**What is required**
Set down every record below exactly as it stands, leaving out the pictures.

Extracted data entries:
+-------+
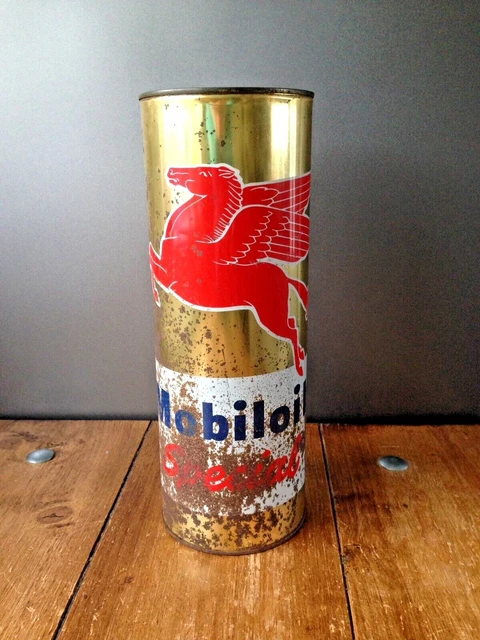 1950er MOBILOIL SPEZIAL PEGASUS ZYLINDER 2,5L DOSE MOBIL ÖL KRAFTSTOFF GARAGE DISPLAY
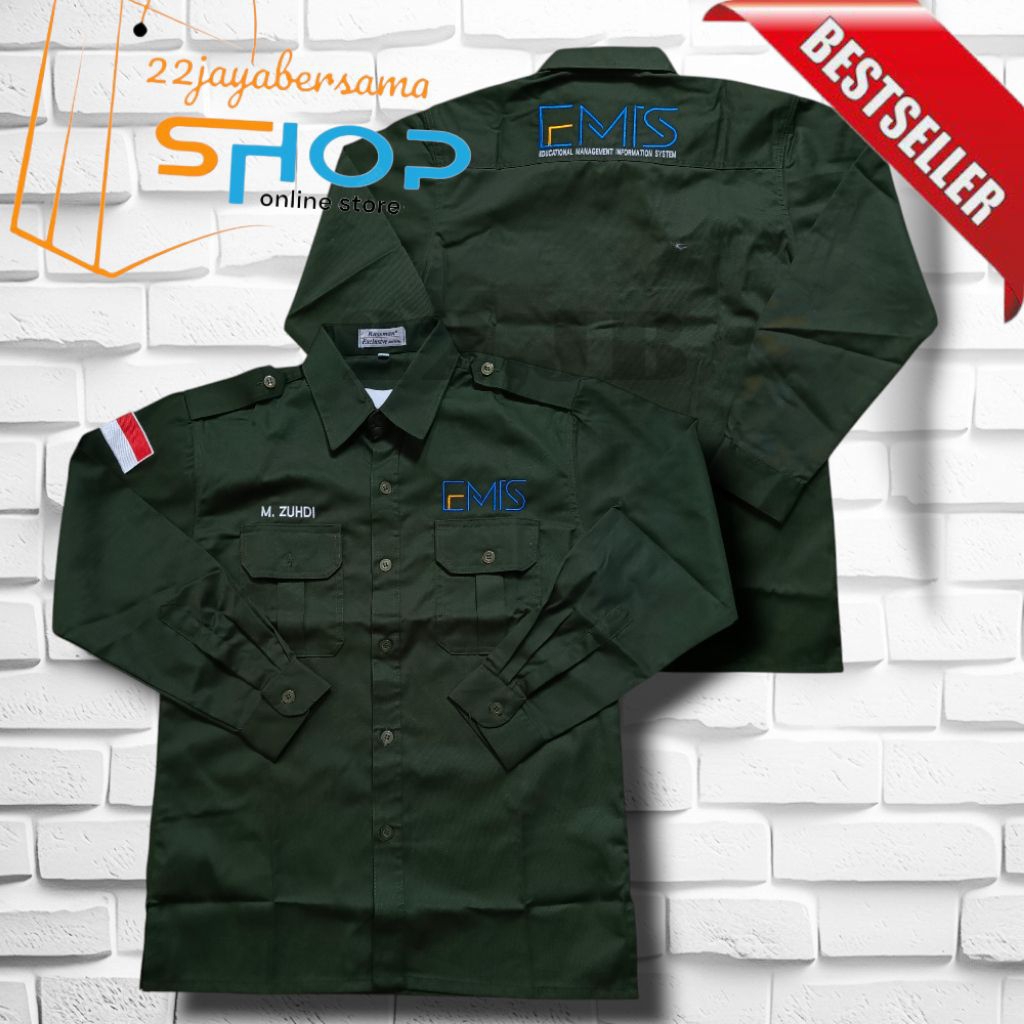 Kemeja EMIS • Baju kemeja Emis • Seragam EMIS Full bordir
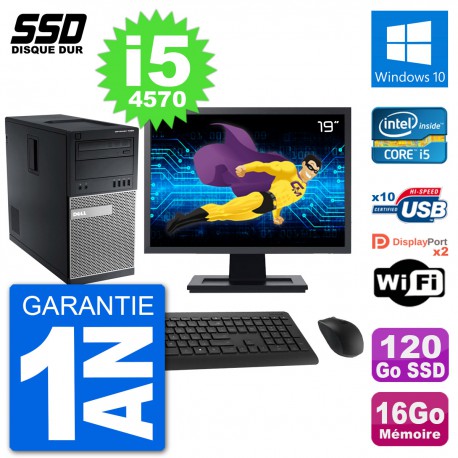 PC Tour Dell 7020 Ecran 19" Intel i5-4570 RAM 16Go SSD 120Go Windows 10 Wifi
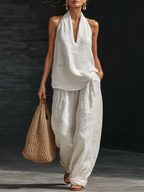 Sleeveless V-Neck Top and Wide Leg Pants Set - Eliza Blake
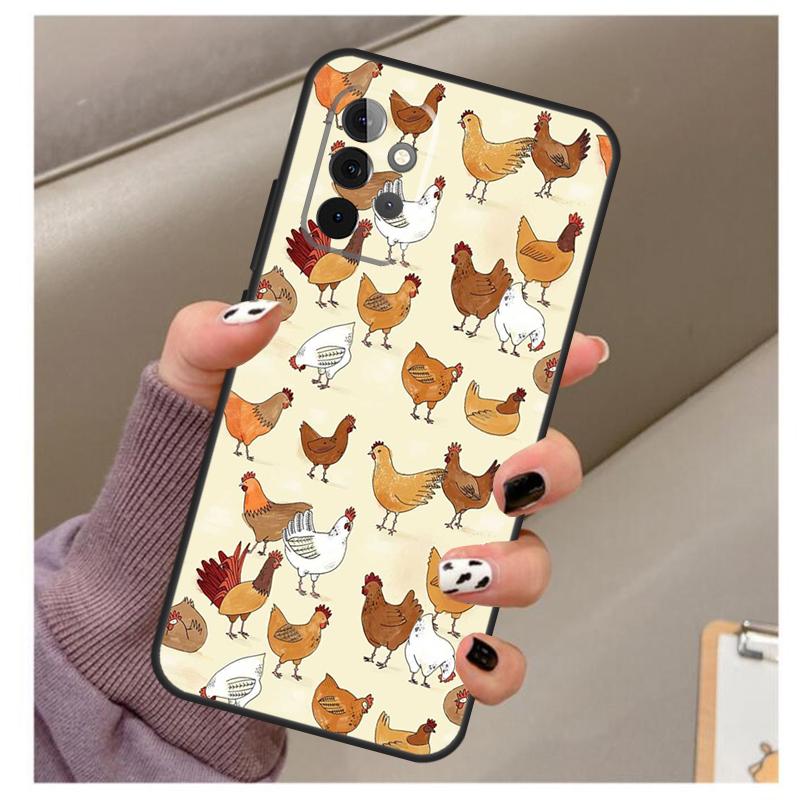 Чехол с рисунком курицы для Samsung Galaxy A34 A54 A14 A06 A16 A26 A36 A56 A12 A32 A52 A13 A33 A53 A15 A35 A55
+-------+
**Your response**
 1950er MOBILOIL SPEZIAL PEGASUS ZYLINDER 2,5L DOSE MOBIL ÖL KRAFTSTOFF GARAGE DISPLAY
 Kemeja EMIS • Baju kemeja Emis • Seragam EMIS Full bordir
 PC Tour Dell 7020 Ecran 19" Intel i5-4570 RAM 16Go SSD 120Go Windows 10 Wifi
 Sleeveless V-Neck Top and Wide Leg Pants Set - Eliza Blake
 Чехол с рисунком курицы для Samsung Galaxy A34 A54 A14 A06 A16 A26 A36 A56 A12 A32 A52 A13 A33 A53 A15 A35 A55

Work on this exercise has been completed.